> _Supplied data_
■ ■ ■ ■ ■ ■ ■
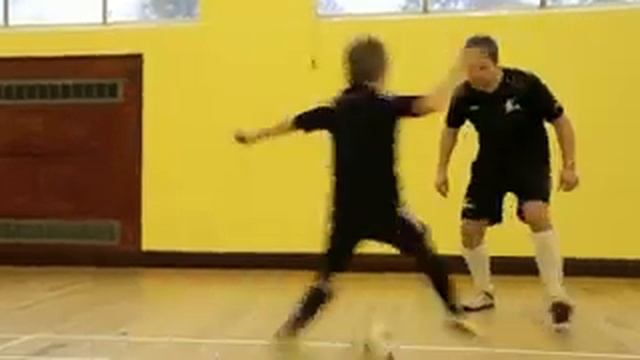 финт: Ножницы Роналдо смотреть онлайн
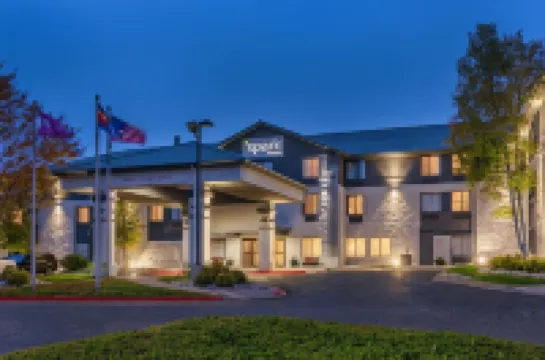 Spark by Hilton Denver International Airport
■ ■ ■ ■ ■ ■ ■
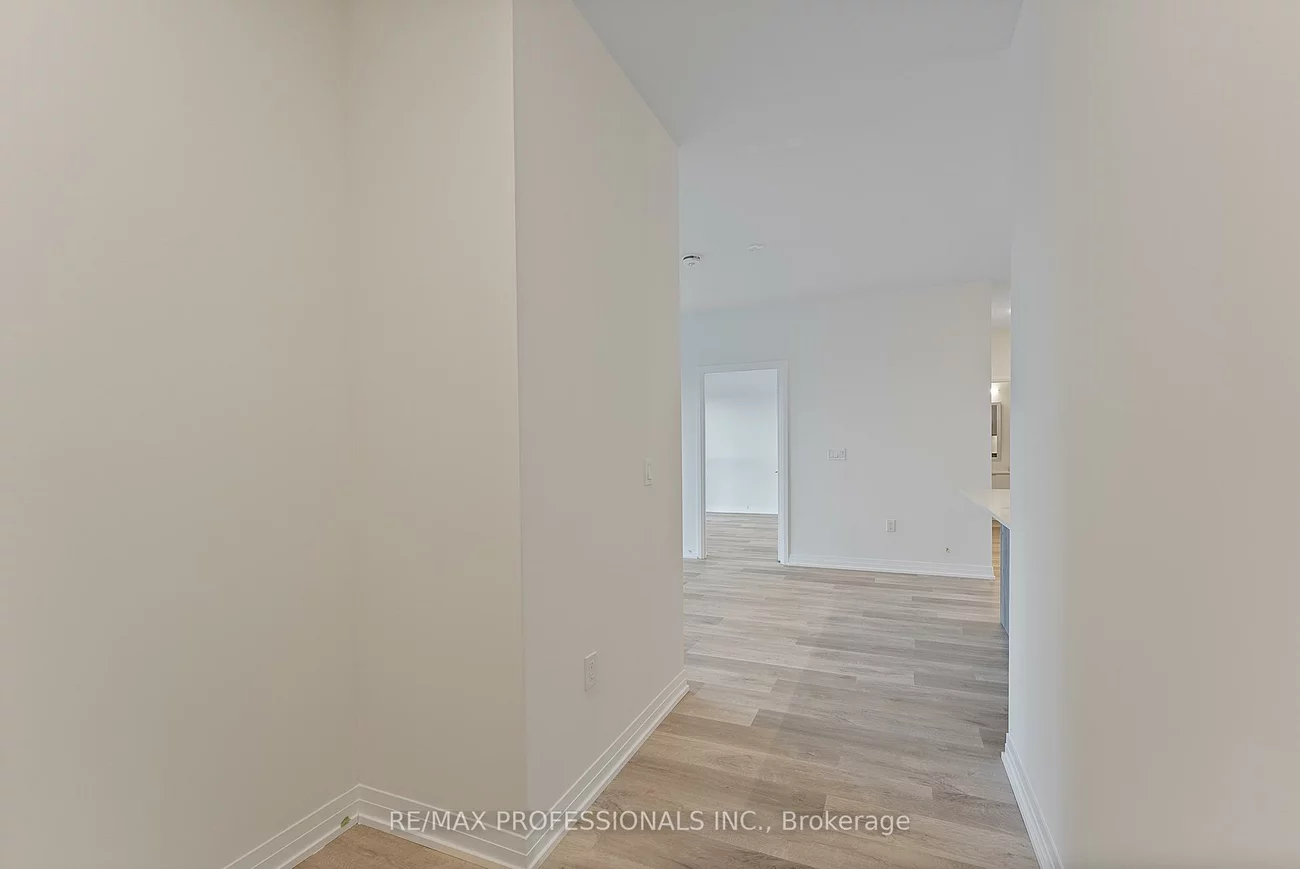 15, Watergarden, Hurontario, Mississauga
■ ■ ■ ■ ■ ■ ■
> _About this task_
The answer must be the part of the records that opens with the line containing "финт: Ножницы Роналдо смотреть онлайн" and closes with the line containing "Spark by Hilton Denver International Airport", reproduced exactly, with no pictures.

> _Response below_
 финт: Ножницы Роналдо смотреть онлайн
 Spark by Hilton Denver International Airport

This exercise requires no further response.